### WORK INSTRUCTION
Dropping every picture, set down exactly the lines in the entries below, starting with the line with "Phil & Co. Berlin" and going on through the line with "Blu Pepper Cream".

### INFORMATION SUPPLIED

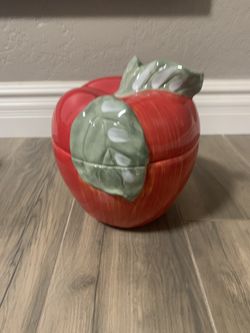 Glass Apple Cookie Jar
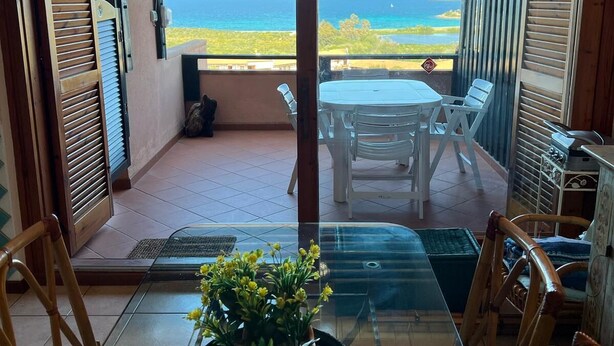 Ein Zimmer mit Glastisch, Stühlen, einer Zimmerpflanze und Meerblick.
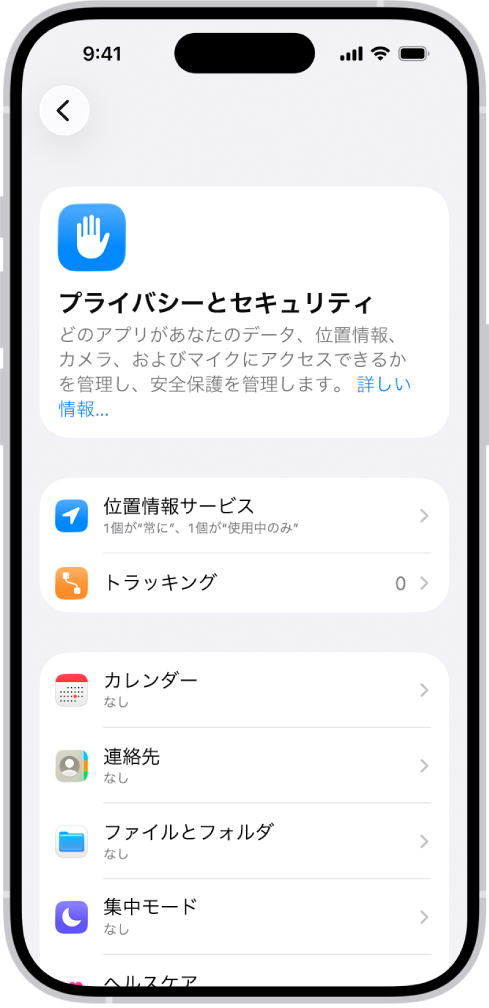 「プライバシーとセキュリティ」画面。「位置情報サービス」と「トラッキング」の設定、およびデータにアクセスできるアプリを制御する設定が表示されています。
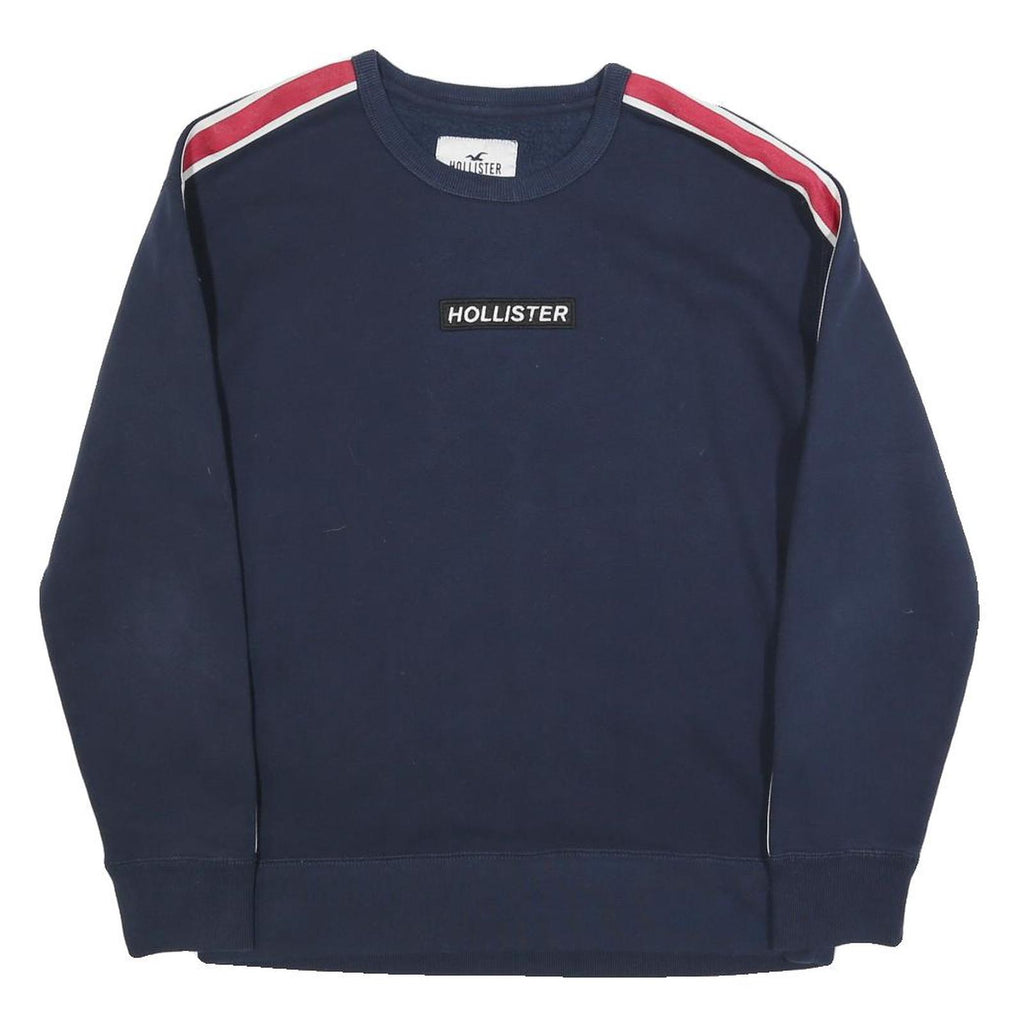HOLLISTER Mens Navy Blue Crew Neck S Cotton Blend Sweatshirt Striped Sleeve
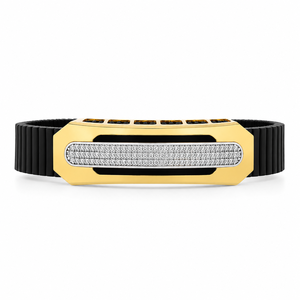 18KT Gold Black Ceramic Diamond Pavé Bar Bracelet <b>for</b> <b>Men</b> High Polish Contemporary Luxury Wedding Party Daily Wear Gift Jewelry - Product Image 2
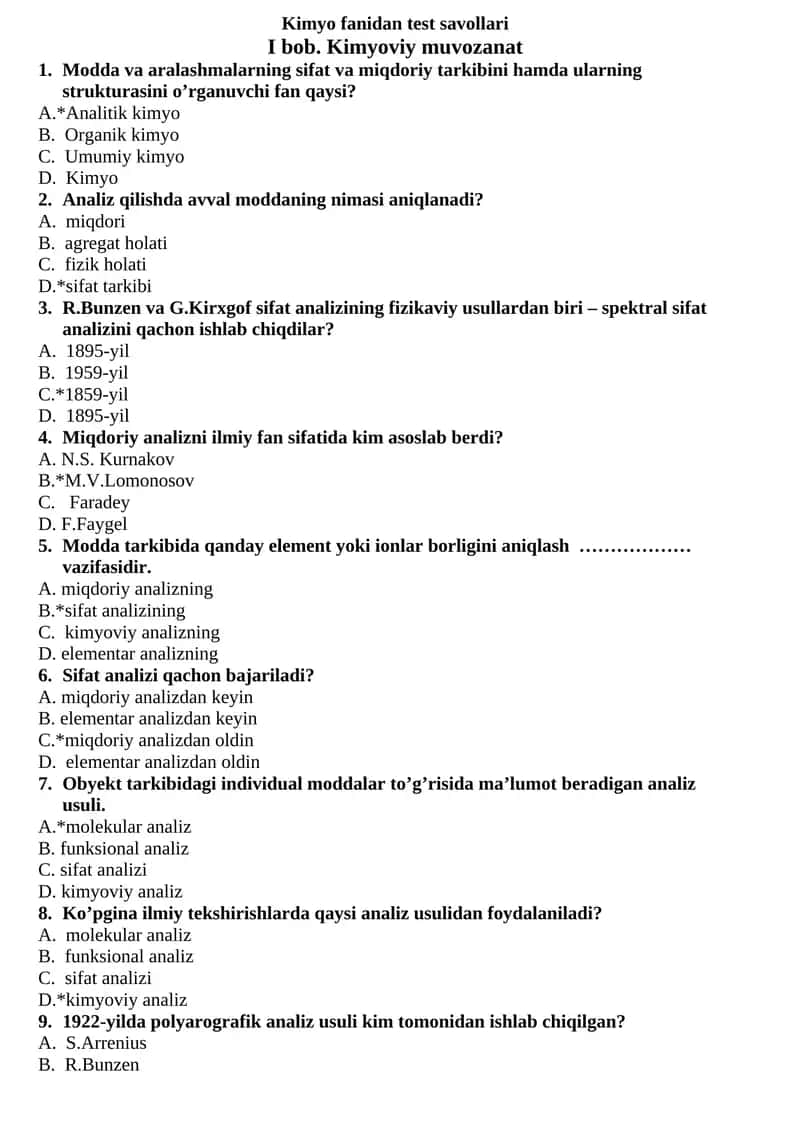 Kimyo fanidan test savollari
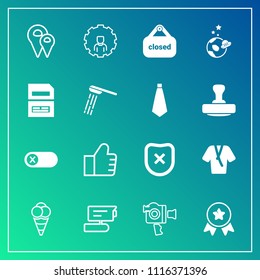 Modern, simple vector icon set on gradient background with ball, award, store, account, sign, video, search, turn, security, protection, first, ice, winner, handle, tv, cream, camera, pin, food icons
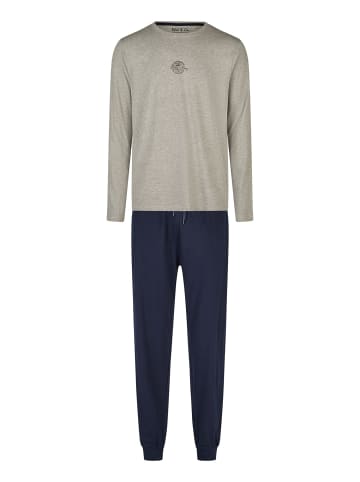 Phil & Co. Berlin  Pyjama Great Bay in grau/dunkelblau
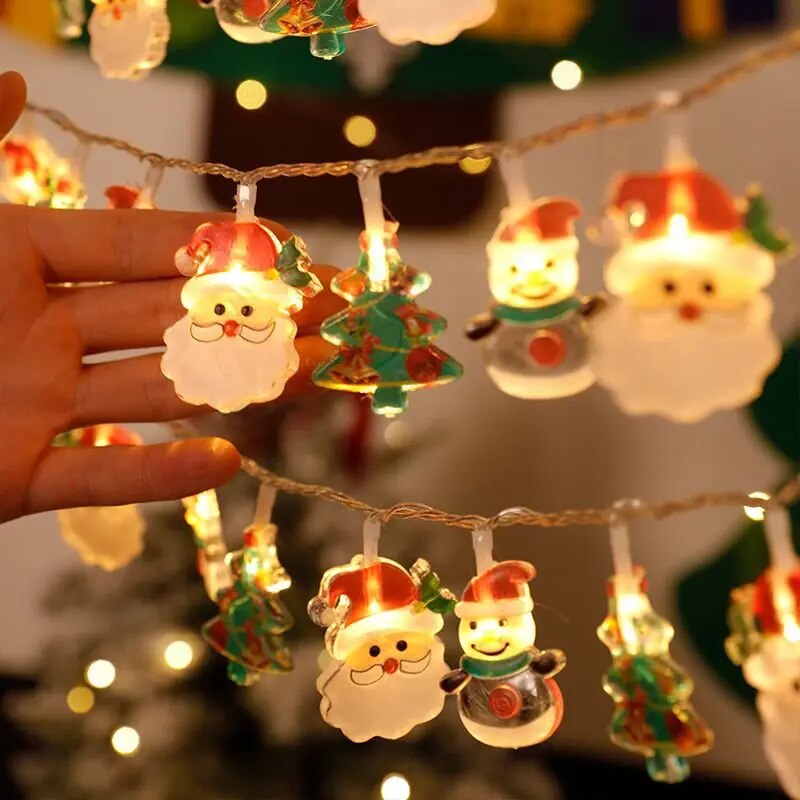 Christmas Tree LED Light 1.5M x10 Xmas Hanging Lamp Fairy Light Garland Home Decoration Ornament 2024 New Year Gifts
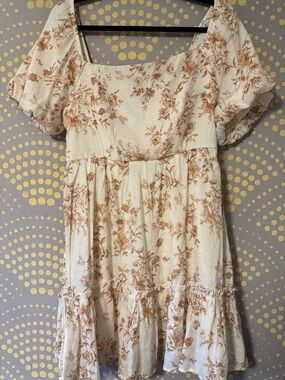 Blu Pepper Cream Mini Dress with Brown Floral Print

==

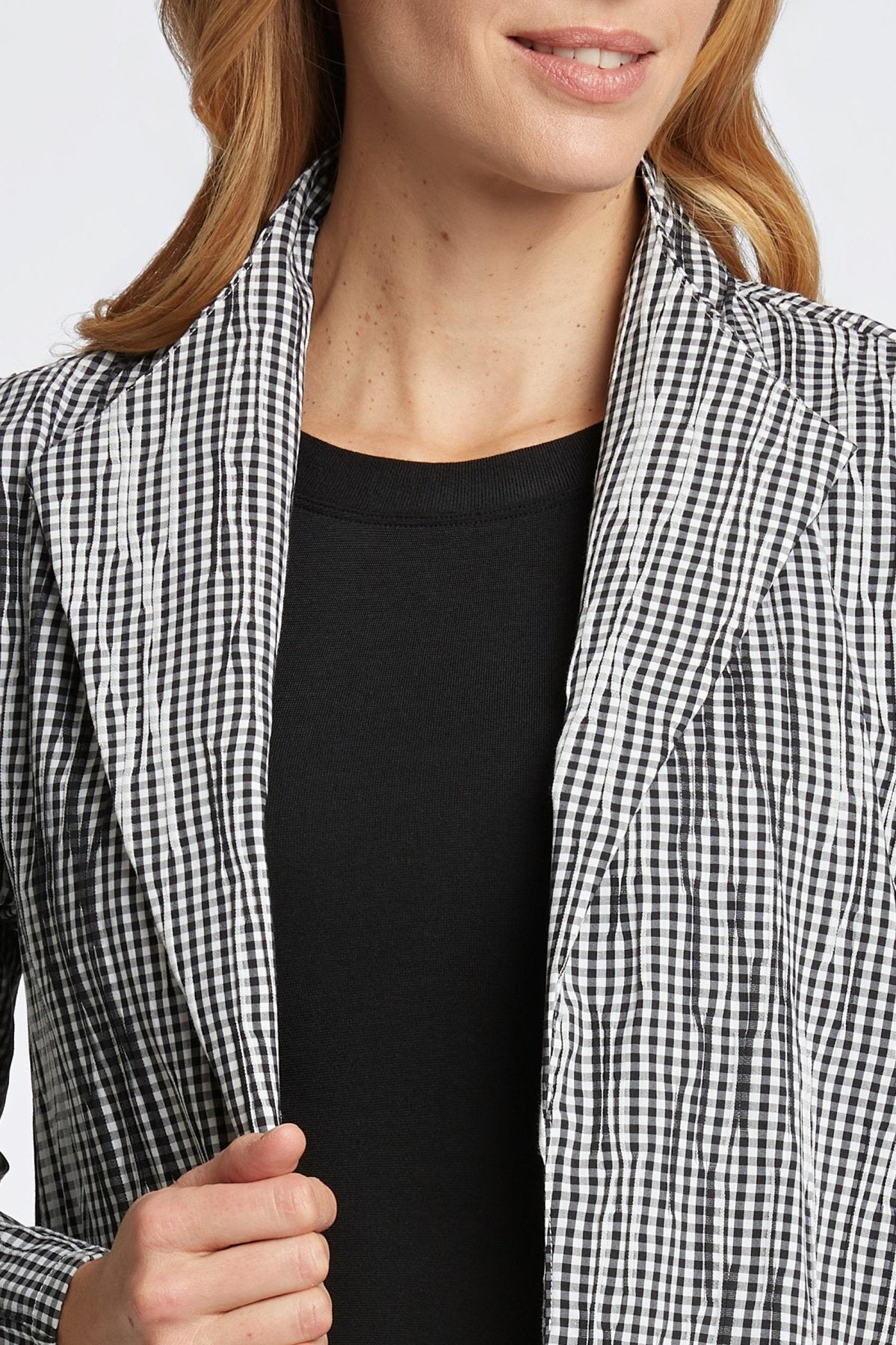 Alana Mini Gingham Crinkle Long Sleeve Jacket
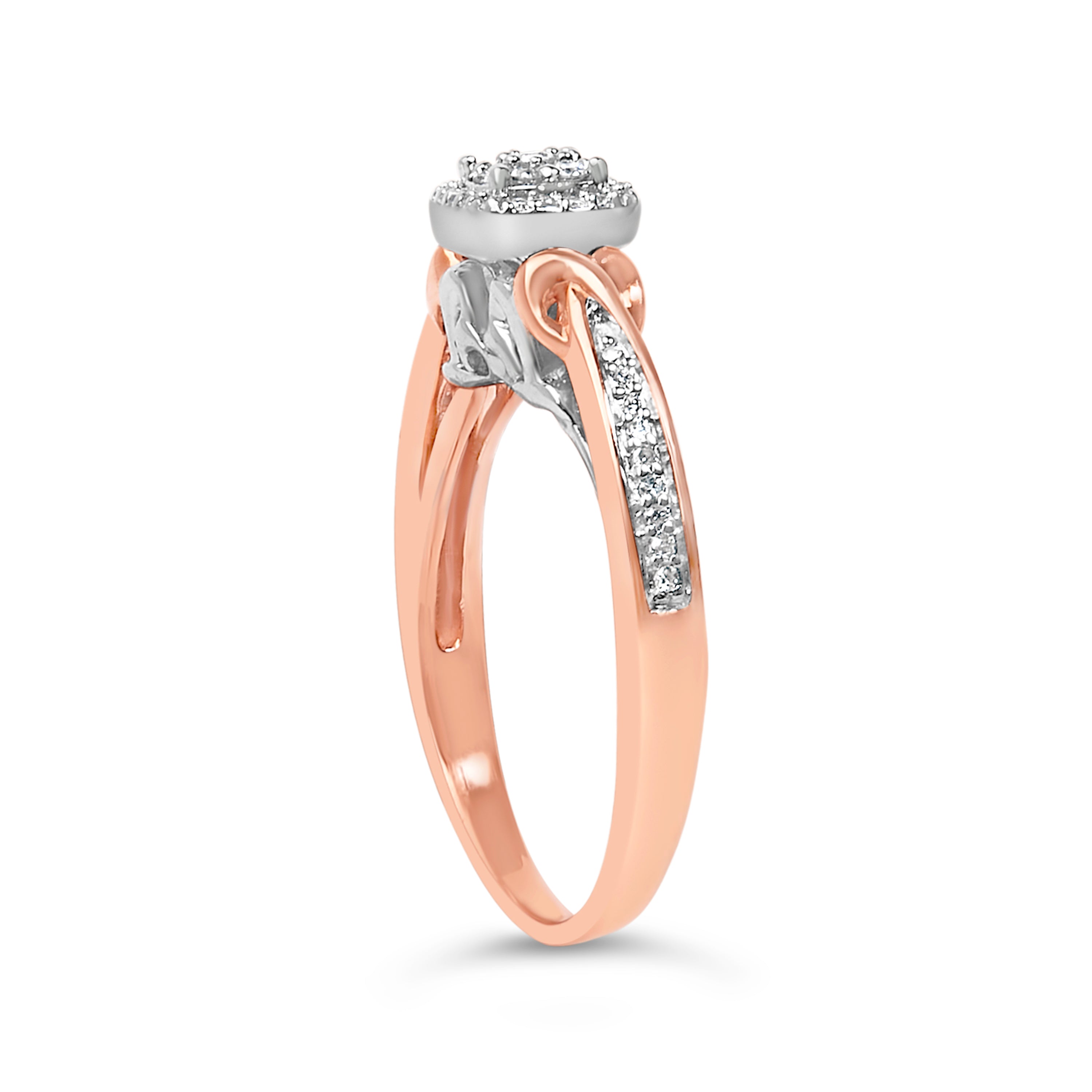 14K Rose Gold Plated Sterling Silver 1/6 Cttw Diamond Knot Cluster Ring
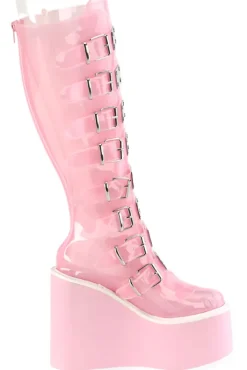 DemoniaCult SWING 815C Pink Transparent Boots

...

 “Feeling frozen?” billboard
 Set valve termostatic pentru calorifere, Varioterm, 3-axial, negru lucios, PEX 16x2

### ANSWER TO THE EXERCISE
 Phil & Co. Berlin  Pyjama Great Bay in grau/dunkelblau
 Christmas Tree LED Light 1.5M x10 Xmas Hanging Lamp Fairy Light Garland Home Decoration Ornament 2024 New Year Gifts
 Blu Pepper Cream Mini Dress with Brown Floral Print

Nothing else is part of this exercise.